United States District Court, W.D. Oklahoma

August 15, 2017

RODGER BLANCO, Plaintiff,
v.
FEDERAL EXPRESS CORPORATION d/b/a FedEx Express, a foreign corporation, JUSTIN DIGBY, an individual, and MATTHEW WAINER, an individual, Defendants.

          MEMORANDUM OPINION AND ORDER

          ROBIN J. CAUTHRON, UNITED STATES DISTRICT JUDGE

         Plaintiff brought claims of negligent investigation and conversion against Defendant Federal Express Corporation (“FedEx”) for the theft of Plaintiff's shipment. Now before the Court is FedEx's Motion for Summary Judgment. (Dkt. No. 25.) Plaintiff has responded and the Motion is now at issue.

         Plaintiff is suing Defendants regarding the loss of a shipment containing 300 ounces of gold bars and coins shipped via FedEx valued at approximately $389, 430. Plaintiff tendered the package and declared its value as one thousand dollars ($1, 000) on May 9, 2014. FedEx transported the package from Redmond, Washington to Oklahoma City, Oklahoma. When the shipment arrived in Oklahoma City on May 10th, a FedEx employee, Defendant Justin Digby, stole the package. A FedEx Security Specialist, Kerry Brooks, investigated the package's disappearance. Brooks began the investigation on May 15th and filed a report with the Oklahoma City Police Department the next day. Brooks and the detective who took his report agreed Brooks should conduct an internal investigation and then bring his findings to the police because two investigations would hinder each other. The case was not assigned to a detective by the Oklahoma City Police Department and Brooks continued working on the investigation. The facts are disputed as to why Brooks did not follow up with the police. The United States Secret Service became involved in the case and met with Brooks on August 4th, when Brooks shared the details of his investigation with the agents. Brooks suggested the Secret Service agents should interview his main suspects or persons of interest, Defendants Justin Digby and Matthew Wainer. Digby confessed to stealing the gold shipment to the agents the following day.

         I. Standard

         The standard for summary judgment is well established. Summary judgment may only be granted if the evidence of record shows “there is no genuine dispute as to any material fact and the movant is entitled to judgment as a matter of law.” Fed.R.Civ.P. 56(a). The movant bears the initial burden of demonstrating the absence of material fact requiring judgment as a matter of law. Celotex Corp. v. Catrett, 477 U.S. 317, 322-23 (1986). A fact is material if it is essential to the proper disposition of the claim. Anderson v. Liberty Lobby, Inc., 477 U.S. 242, 248 (1986). If the movant carries this initial burden, the nonmovant must then set forth specific facts outside the pleadings and admissible into evidence which would convince a rational trier of fact to find for the nonmovant. Fed.R.Civ.P. 56(c). All facts and reasonable inferences therefrom are construed in the light most favorable to the nonmoving party. Matsushita Elec. Indus. Co. v. Zenith Radio Corp., 475 U.S. 574, 587 (1986).

         II. Analysis

         A. Contract of Carriage

         FedEx argues the contract of carriage requires Plaintiff to file suit within one year, and Plaintiff failed to do so. It is undisputed the U.S. Airbill formed the contract between the shipper and FedEx, incorporating the FedEx Service Guide on the issue of claim limitations. The Service Guide states the shipper must file actions “under any cause of action arising from the transportation of any package” within one year from the date of delivery or the date the shipment should have been delivered. (Service Guide, Dkt. No. 26-1, p. 17.) Plaintiff's package should have been delivered on May 12, 2014, making the claims expire after May 12, 2015. However, Plaintiff filed this lawsuit on April 19, 2016.

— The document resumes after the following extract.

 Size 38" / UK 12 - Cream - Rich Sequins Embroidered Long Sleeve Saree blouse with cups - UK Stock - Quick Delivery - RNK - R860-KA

         Plaintiff argues the suit is not about the lost shipment, but how FedEx conducted the subsequent investigation regarding the lost shipment. However, the Court finds the negligence and conversion claims arose from the transportation (or lack thereof) of Plaintiff's package. In other words, but for FedEx transporting the shipment of gold, Plaintiff would not have a claim for negligent investigation or conversion. Accordingly, Plaintiff's claims are time-barred and the claims against FedEx must be dismissed.

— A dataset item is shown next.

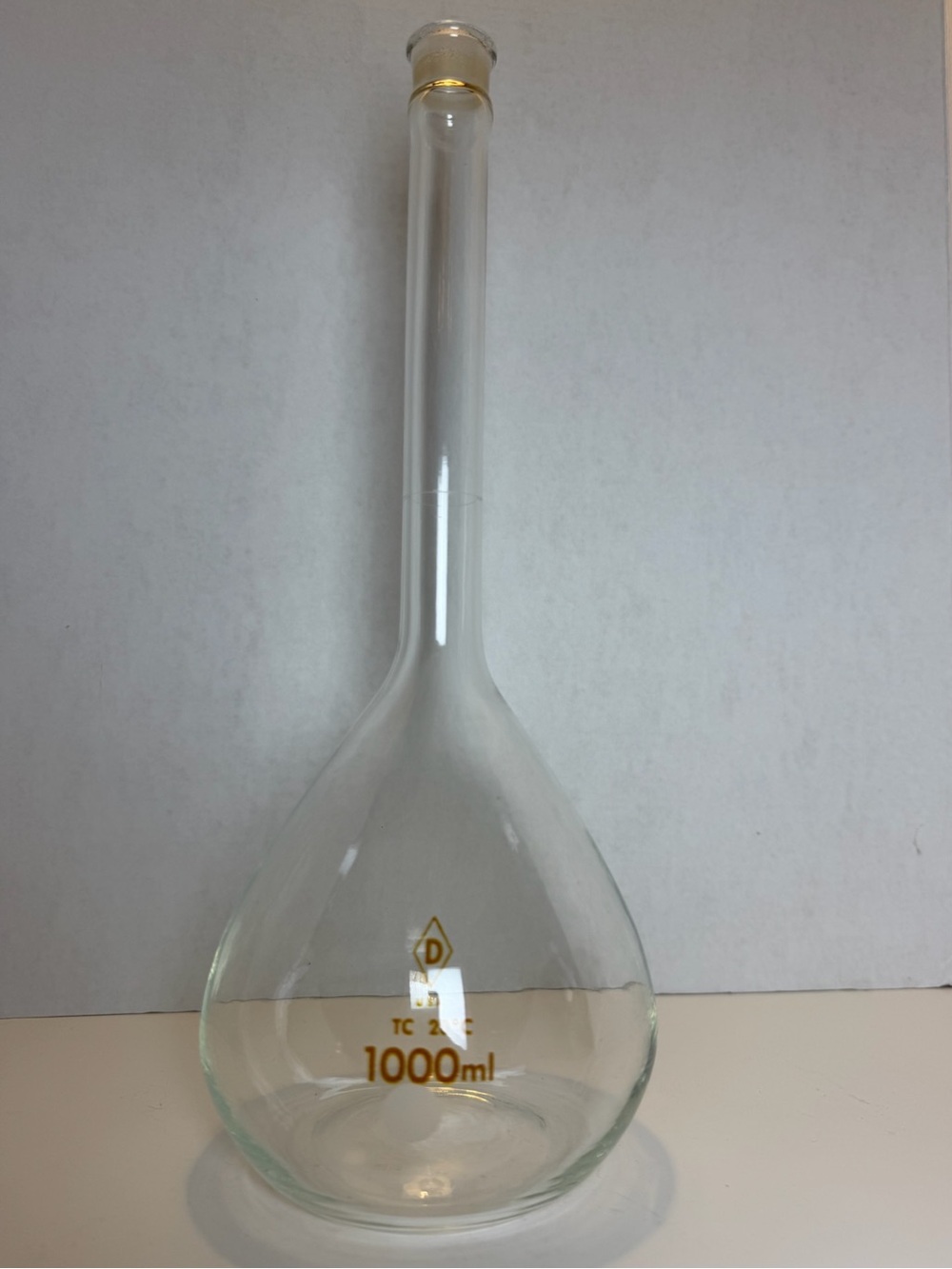 Vintage Duran Clear Glass 1000ml Volumetric Flask with Long Neck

         B. ADA Preemption

         Even if the Service Guide's time limitation did not apply, the state law negligence and conversion claims are preempted by the Airline Deregulation Act of 1978 (“ADA”), 49 U.S.C. §§ 1301 et. seq. Plaintiff has asserted an identical argument previously considered by the Court on Plaintiff's Motion to Remand. The Court concluded the ADA did apply to the issues at hand, preempting the claims and making remand improper. (Order, Dkt. No. 17, pp. 4-6.) Although Plaintiff again attempts to distinguish FedEx's act of investigating the whereabouts of the package from the fact that the package was lost, the actions are one and the same.

         The ADA preempts state tort claims “related to a price, route, or service of an air carrier.” 49 U.S.C. § 41713(b)(4)(A). The Supreme Court has construed the phrase “related to” as expressing a “broad pre-emptive purpose” and referring to any state action “having a connection with or reference to, ” an airline's rates, routes, or services. See Morales v. Trans World Airlines, Inc., 504 U.S. 374, 383-84 (1992). State tort claims are permitted to enforce bargains for services voluntarily undertaken by the air carrier, but not to impose additional requirements or recovery beyond the terms of the contract. See Am. Airlines, Inc. v. Wolens, 513 U.S. 219, 228-29 (1995).

         C. Negligence

         Here, Brooks testified FedEx's tracking system flags for investigation any unaccounted-for packages, sometimes even if the packages are on planes delayed by weather. (Brooks Dep., Dkt. No. 26-3, p. 17.) When the investigation to locate Plaintiff's shipment began, it was a search for a missing package and investigators later determined the package was stolen. This leads to the conclusion that the investigation of missing packages is a direct consequence of the lost package. The Court finds ...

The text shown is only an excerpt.